Ma tutti i milioni di foto e di filmati sulle crudeltà perpetrate in tutto il mondo con l’uso del filo spinato non sono serviti a convincere la civilissima cultura occidentale a debellarne o limitarne l’uso, che è stato, invece, intensificato e perfezionato in efficienza, resistenza e cattiveria.

Come ogni invenzione anche questa, infatti, ha avuto le sue evoluzioni. Oggi la chiamano, quasi beffardamente, concertina che, è spiegato dai costruttori che mettono in rete la pubblicità del loro prodotto, “è un tipo di filo spinato modellato in grandi bobine che possono essere allargate come una concertina”. Concertina, proprio come il gioioso strumento musicale a mantice che si apre come una fisarmonica!

Un venditore on line spiega che la sua concertina è di applicazione assai più veloce del normale filo spinato e che un plotone di soldati può installarla al ritmo di circa un chilometro all’ora. E i produttori si fanno concorrenza e si danno battaglia, ciascuno nel proprio sito, proponendo prezzi, condizioni di vendita e offerte promozionali, non di rado mettendo in guardia il futuro acquirente da fili scadenti che si spacciano, senza esserlo, per concertina. Le informazioni sulle applicazioni sono ampie e dettagliate e assai spesso la spedizione è gratuita. Ce ne sono alcune di acciaio zincato e altre che adoperano taglientissime lame di rasoio.

Insomma il prodotto è diventato sempre più raffinato, più efficace, più invalicabile e sempre più fiorente appare il suo mercato. Viene da pensare, però, che l’uso che ne è proposto non sia prevalentemente quello agricolo o antifurto.

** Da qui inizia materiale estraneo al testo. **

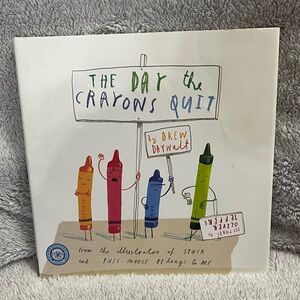 The Day the Crayons Quit Book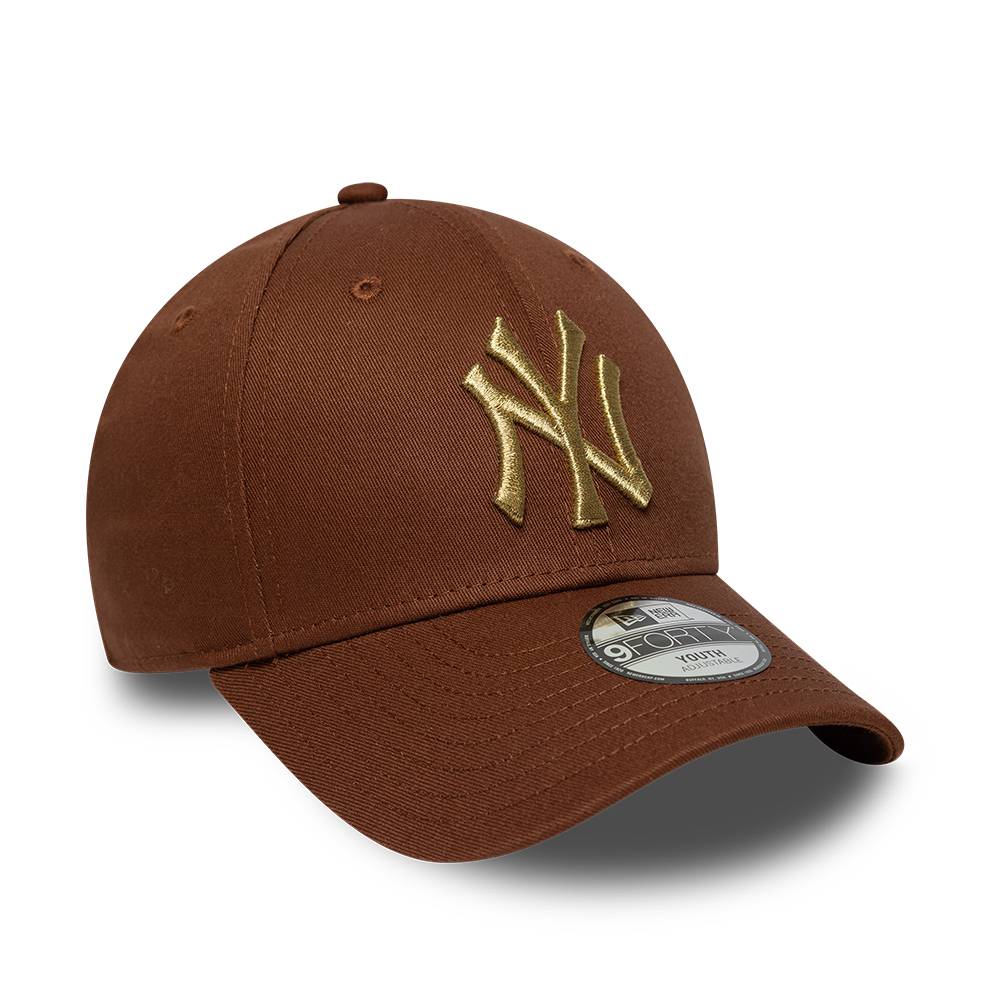 NEW ERA CHILD/YOUTH METALLIC 9FORTY NEW YORK YANKEES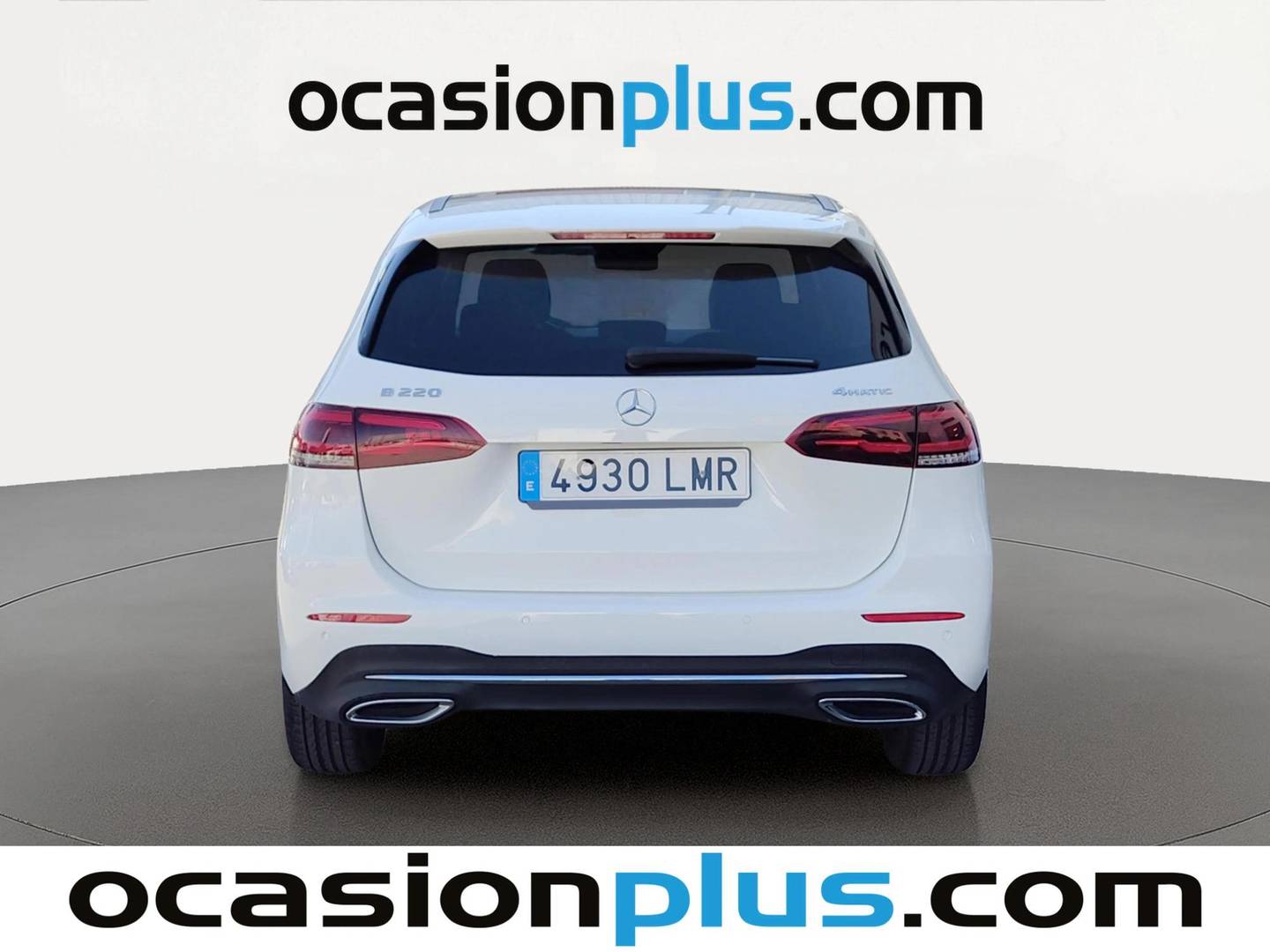 Mercedes Clase B Mercedes Clase B 220 4Matic (190 CV) gasolina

E lo spontaneo e istintivo sospetto che si tratti di strumenti soprattutto, se non esclusivamente, antiuomo, è rafforzato dal fatto che altrettanto fiorente e di facile accesso è il mercato delle mine antiuomo. Ce n’è una, sempre in rete, proposta con sconto di circa il 25% sul listino che garantisce ben duecento pallini sparati dall’ordigno contemporaneamente verso il nemico ed è corredata di telecomando a distanza, di batterie e di istruzioni per l’uso.

Sgomenta la semplicità lessicale con la quale si pubblicizza la vendita del filo spinato e dalla mina antiuomo come se si stesse proponendo un cavo per la televisione o un’aspirapolvere.

E le applicazioni delle più recenti evoluzioni dell’invenzione di Glidden, mandate continuamente in onda nei telegiornali e nei reportage, non sono certo quelle delle recinzioni di orti o di stalle, ma delle barriere invalicabili che si trovano di fronte i migranti, opposte loro dalla progreditissima Europa, che si chiude e si difende da chi arriva disarmato, avvolgendosi nel filo spinato.

Come dire: per chi lo costruisce, finché c’è odio razziale, c’è speranza…e mercato.